* GOAL OF THE EXERCISE
The required result is an exact copy of every line from the one with "Hey, this is" through the last line below, with the pictures left out.

* COLLECTED MATERIAL

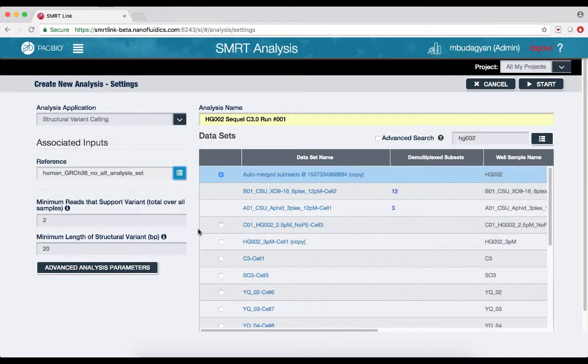There are two basic parameters: the minimum reads that support the variant total overall samples, with a default of 2, and the minimum length of the structural variant in base pairs for it to be called, with a default of 20 base pairs.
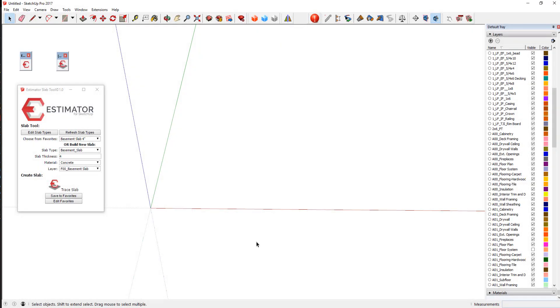Hey, this is John with Estimator introducing a new tool that we've just come up with. This is called the slab tool, and what this does is allows us to create 3D slabs of any sort.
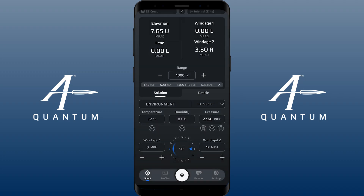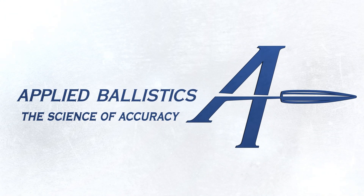So then you can hit apply, and as you can see, your environmentals are at a DA of 1000 feet and you can run your solutions that way. We hope this makes everybody happy with the DA features, and thanks for your feedback.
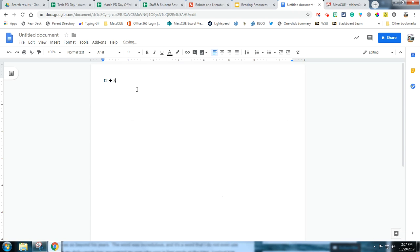And then if I need it again, instead of having to go to Insert that division symbol, I can simply copy and paste it. So now when I have it, I can just go grab it.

* ANSWER SPACE
Hey, this is John with Estimator introducing a new tool that we've just come up with. This is called the slab tool, and what this does is allows us to create 3D slabs of any sort.
So then you can hit apply, and as you can see, your environmentals are at a DA of 1000 feet and you can run your solutions that way. We hope this makes everybody happy with the DA features, and thanks for your feedback.
And then if I need it again, instead of having to go to Insert that division symbol, I can simply copy and paste it. So now when I have it, I can just go grab it.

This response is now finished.